(What is expected): In the entries that follow, find the line containing "Duurzame Hond Interactieve" and the line containing "Натисніть на картинку, щоб", then retype exactly the lines from the first through the second, pictures excluded.

(Data provided):

=== Section Start ===

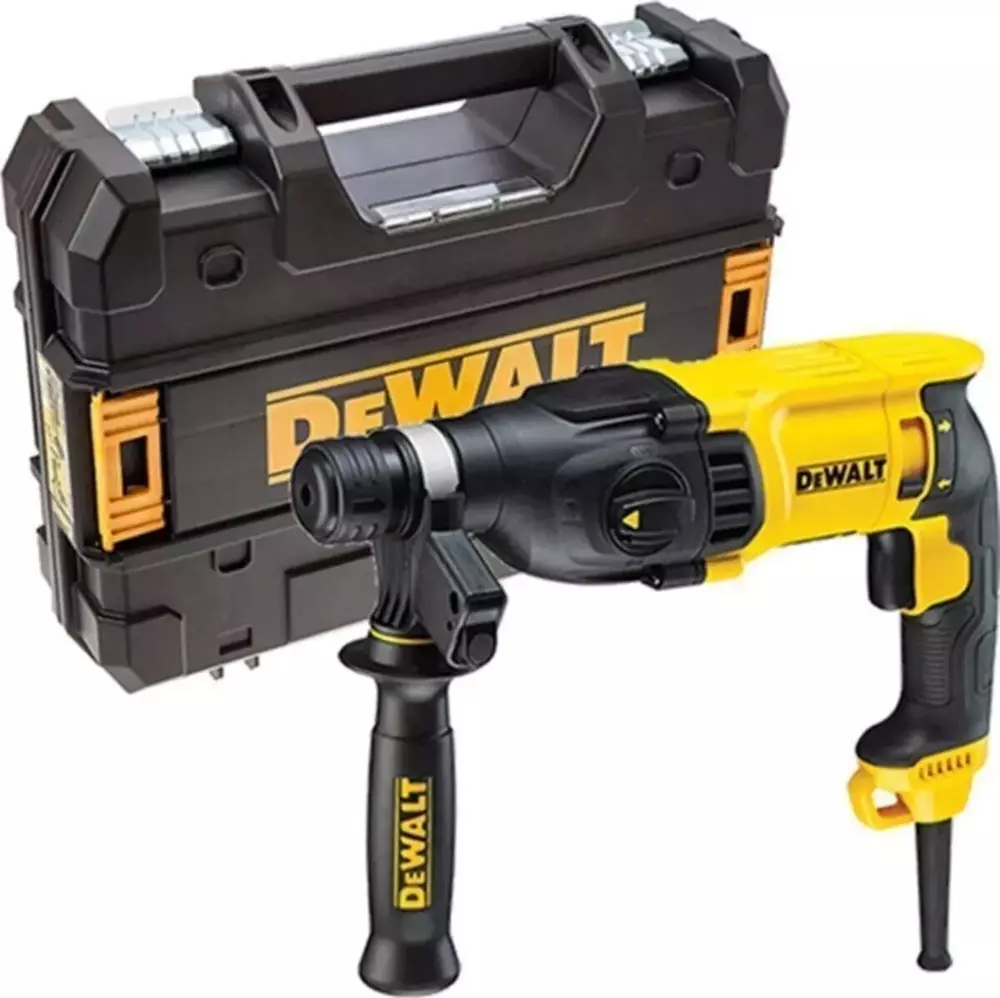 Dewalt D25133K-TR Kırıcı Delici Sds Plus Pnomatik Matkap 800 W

=== Section End ===
=== Section Start ===

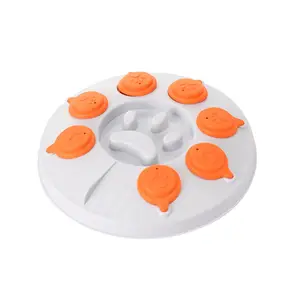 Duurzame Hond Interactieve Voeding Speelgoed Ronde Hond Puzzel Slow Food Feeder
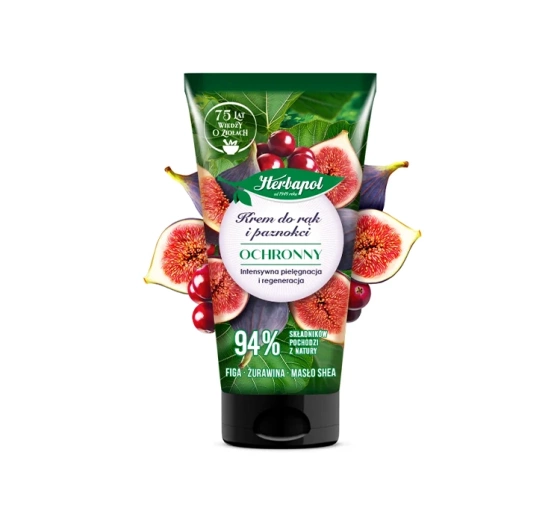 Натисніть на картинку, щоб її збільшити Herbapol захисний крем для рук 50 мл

=== Section End ===

(Written response):
 Duurzame Hond Interactieve Voeding Speelgoed Ronde Hond Puzzel Slow Food Feeder
 Натисніть на картинку, щоб її збільшити Herbapol захисний крем для рук 50 мл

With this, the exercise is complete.